Sono finiti gli europei invernali di Praga e possiamo tirare qualche somma: l’esperimento di unire più gare anche a costo di farle collidere non pare aver riscosso il successo che l’EBL sperava, e ne è derivata una certa caoticità nella gestione di varie evenienze. In ogni caso dall’anno prossimo questo problema non dovrebbe più esistere; si giocherà in più giornate e Open e Misto saranno due eventi separati.

Oggi hanno avuto termine gli eventi misti, e la delegazione italiana esce con molti rimpianti; siamo arrivati a un filo così dal podio in entrambi gli eventi, e per ciascuno bastava un errore in meno per guadagnarsi il bronzo.

Squadre miste, finale A

Che peccato! Avevamo sognato, con Bernal terza a due sessioni dalla fine, ma una netta sconfitta nella penultima ha complicato le cose. All’ultimo turno le prime due ormai erano oro e argento matematiche, ma c’erano le successive dieci squadre tutte vicine, poteva succedere qualunque cosa! Ma quando gli altri risultati però si sono prestati abbastanza bene, ci sarebbe bastata un’affermazione risicata (circa 11 e mezzo) per raggiungere l’obiettivo agognato…

Purtroppo alcuni errori di troppo di una delle due coppie, gravissimo l’ultimo che da solo sarebbe bastato, hanno compromesso il torneo e la formazione ha concluso con un amaro settimo posto che di certo non rispecchia quanto vicini si era stati al bronzo.

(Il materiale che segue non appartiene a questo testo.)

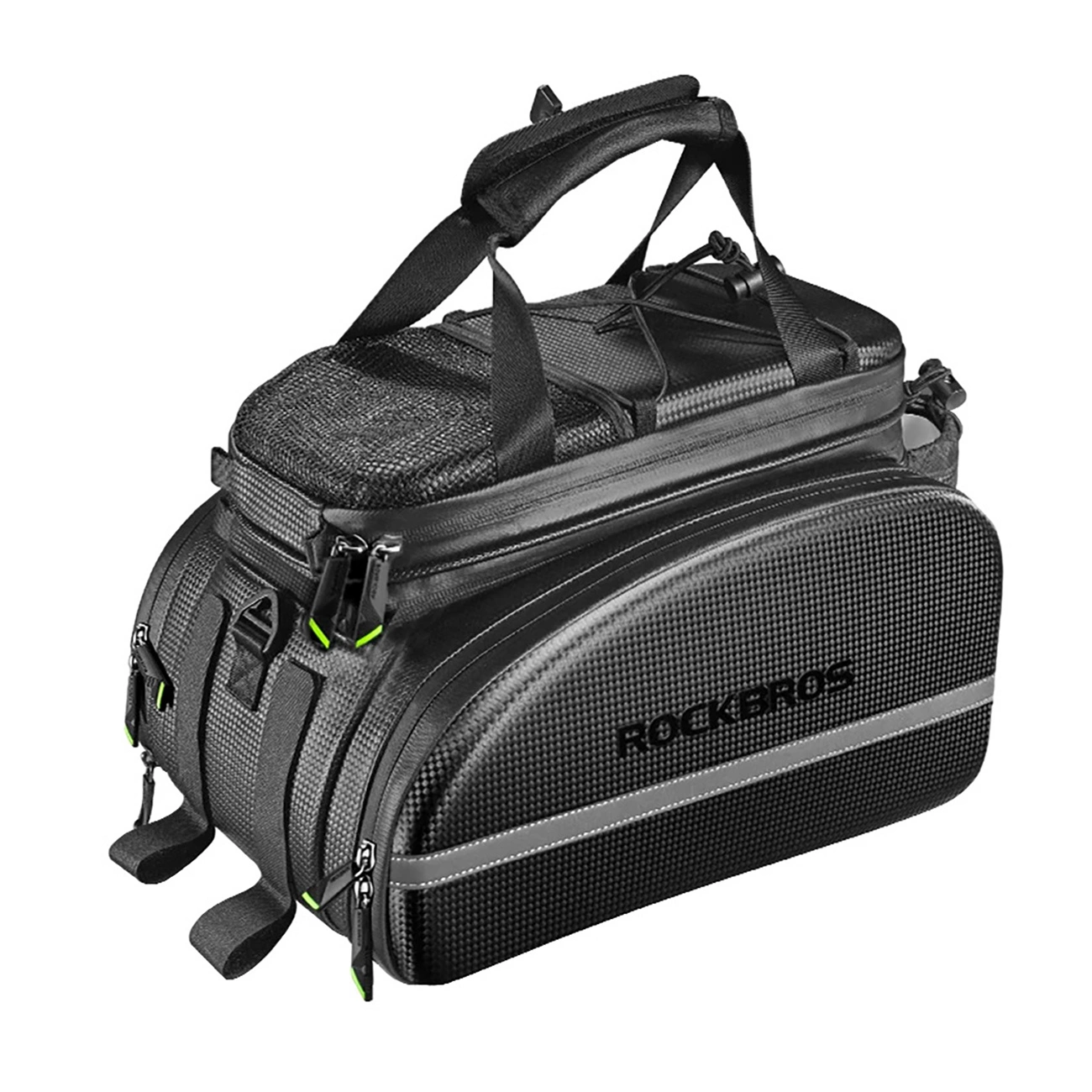 Rockbros A6-6 velosipēda soma bagāžniekam, 35 l, ar izvelkamām kabatām - melna | bicycle bag for trunk, with...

Non si è mai avvicinata all’empireo Carè che comunque oggi ha trovato un po’ di belle vittorie concludendo il torneo con un considerevole undicesimo posto.

Coppie miste, finale A

Anche qua c’avevamo sperato: Manno-Tersch sono arrivati quinti dopo aver sfiorato il miracolo per un pelo. Dopo una partenza poco esaltante, hanno disputato una terza sessione davvero travolgente; a tre mani dalla fine viaggiavano quasi alla media del 70%! Purtroppo queste ultime si sono rivelate sottomedia, e il piazzamento finale è salutato con amarezza: i terzi distavano davvero poco.

Anche il decimo posto di Marinoni-Romano non deve ingannare: il duo ligure, dopo una cattiva partenza, aveva trovato un’ottima marcia fino a raggiungere il sesto gradino. Purtroppo anche a loro si sono sgonfiate le gomme nello sprint finale; tre 25% di fila, che senza i diagrammi a disposizione non posso giudicare, hanno pregiudicato una più degna conclusione. La top 10 in ogni caso lascia una traccia indelebile sul buon operato svolto in questi tre giorni dagli spezzini.

Coppie miste, finale B

Marino-Pisani concludono al sesto posto dopo essere stati terzi al termine della prima sessione, ma un finale non all’altezza ha privato loro del podio; peccato, erano lontani solo lo 0,56%…  Nelle retrovie Guglielmi-Soresini, solo ventiseiesimi.